Step 5: Bandwidth Sensitivity Analysis
A credible RDD should produce similar estimates across a reasonable range of bandwidths.
# Bandwidth sensitivity
bandwidths <- c(5, 7, 10, 12, 15, 20)
results <- data.frame()
for (bw in bandwidths) {
rd <- rdrobust(df$gpa, df$score_centered,
fuzzy = df$scholarship, c = 0, h = bw)
results <- rbind(results, data.frame(
bw = bw,
est = rd$coef[1],
se = rd$se[3],
ci_lo = rd$ci[3, 1],
ci_hi = rd$ci[3, 2],
n_eff = sum(rd$N_h)
))
}
print(results)
# Plot
plot(results$bw, results$est, type = "b", pch = 19,
ylim = range(c(results$ci_lo, results$ci_hi)),
xlab = "Bandwidth", ylab = "Estimate",
main = "Bandwidth Sensitivity")
arrows(results$bw, results$ci_lo, results$bw, results$ci_hi,
angle = 90, code = 3, length = 0.05)
abline(h = 0.5, col = "red", lty = 2)Expected output: Bandwidth sensitivity
| Bandwidth | N (effective) | Estimate | SE | 95% CI |
|---|---|---|---|---|
| 5 | ~600 | ~0.55 | ~0.18 | [0.20, 0.90] |
| 7 | ~900 | ~0.52 | ~0.14 | [0.25, 0.79] |
| 10 | ~1,300 | ~0.49 | ~0.11 | [0.28, 0.70] |
| 12 | ~1,500 | ~0.48 | ~0.10 | [0.29, 0.67] |
| 15 | ~1,700 | ~0.47 | ~0.09 | [0.30, 0.64] |
| 20 | ~1,900 | ~0.45 | ~0.08 | [0.30, 0.60] |
The true LATE is 0.50. Estimates are relatively stable across bandwidths, ranging from approximately 0.45 to 0.55. Narrower bandwidths produce noisier estimates (wider confidence intervals) but less bias; wider bandwidths are more precise but may introduce slight bias. All confidence intervals cover the true value.

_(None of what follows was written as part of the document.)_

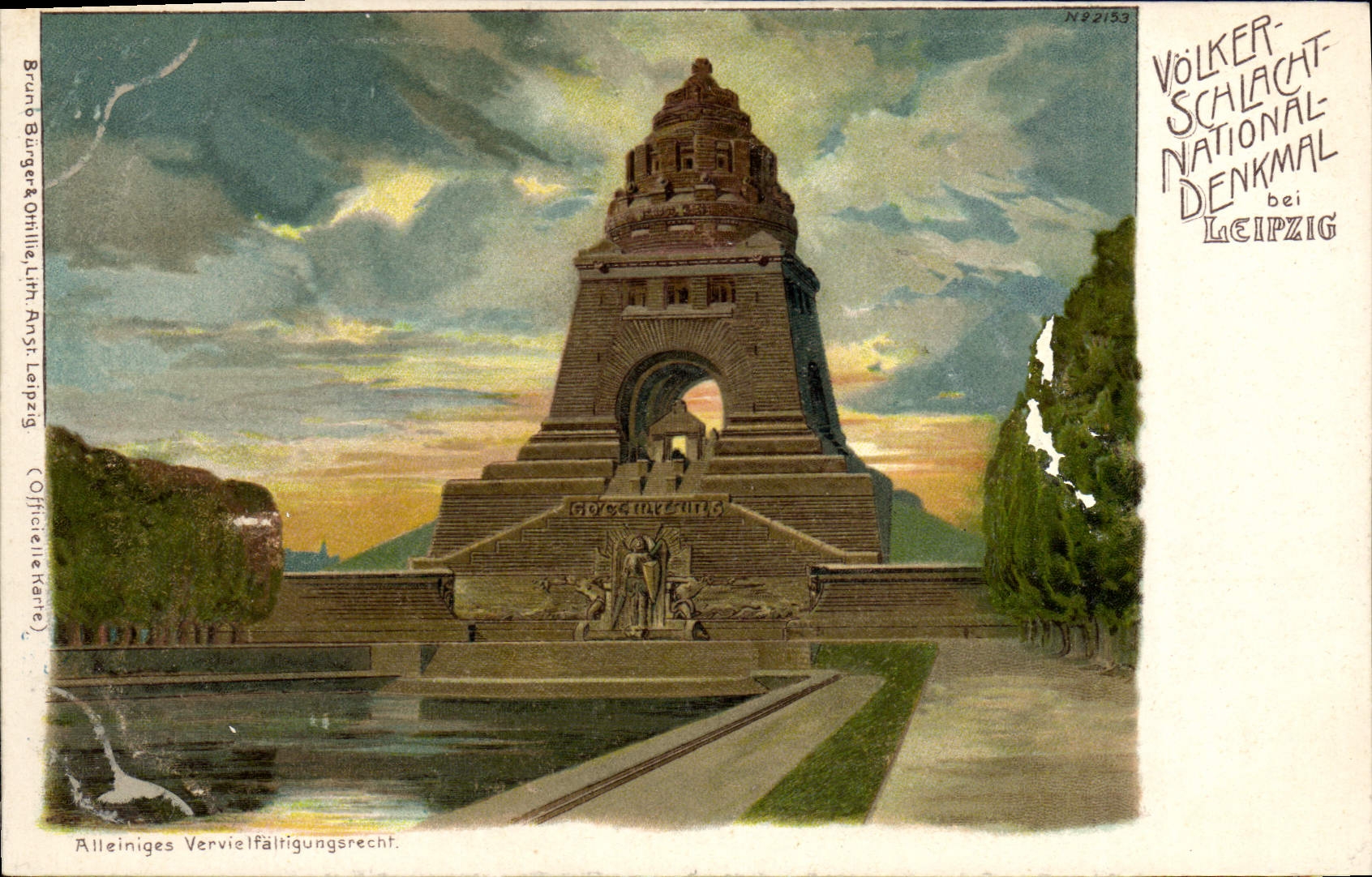 VINTAGE POSTCARD Illustrator National Leipzig Denkmal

You find that the fuzzy RDD estimate is 0.50 with bandwidth 10 but jumps to 1.20 with bandwidth 5. What might explain this large difference, and what should you do?
Step 6: Validity Tests
# McCrary density test
library(rddensity)
density_test <- rddensity(df$score_centered, c = 0)
summary(density_test)
# Placebo cutoffs
cat("\n=== Placebo Cutoffs ===\n")
for (pc in c(-15, -10, -5, 5, 10, 15)) {
tryCatch({
rd_p <- rdrobust(df$gpa, df$score_centered,
fuzzy = df$scholarship, c = pc)
cat("Cutoff at", pc, ": est =", round(rd_p$coef[1], 3),
", p =", round(rd_p$pv[1], 3), "\n")
}, error = function(e) {
cat("Cutoff at", pc, ": insufficient data\n")
})
}Expected output: McCrary density test
| Test | Value |
|---|---|
| T-statistic | ~0.30 |
| p-value | > 0.05 (not significant) |
| Interpretation | No evidence of manipulation at the cutoff |
Since exam scores are drawn from a smooth normal distribution, the density is continuous through the cutoff. There is no manipulation in the simulated data.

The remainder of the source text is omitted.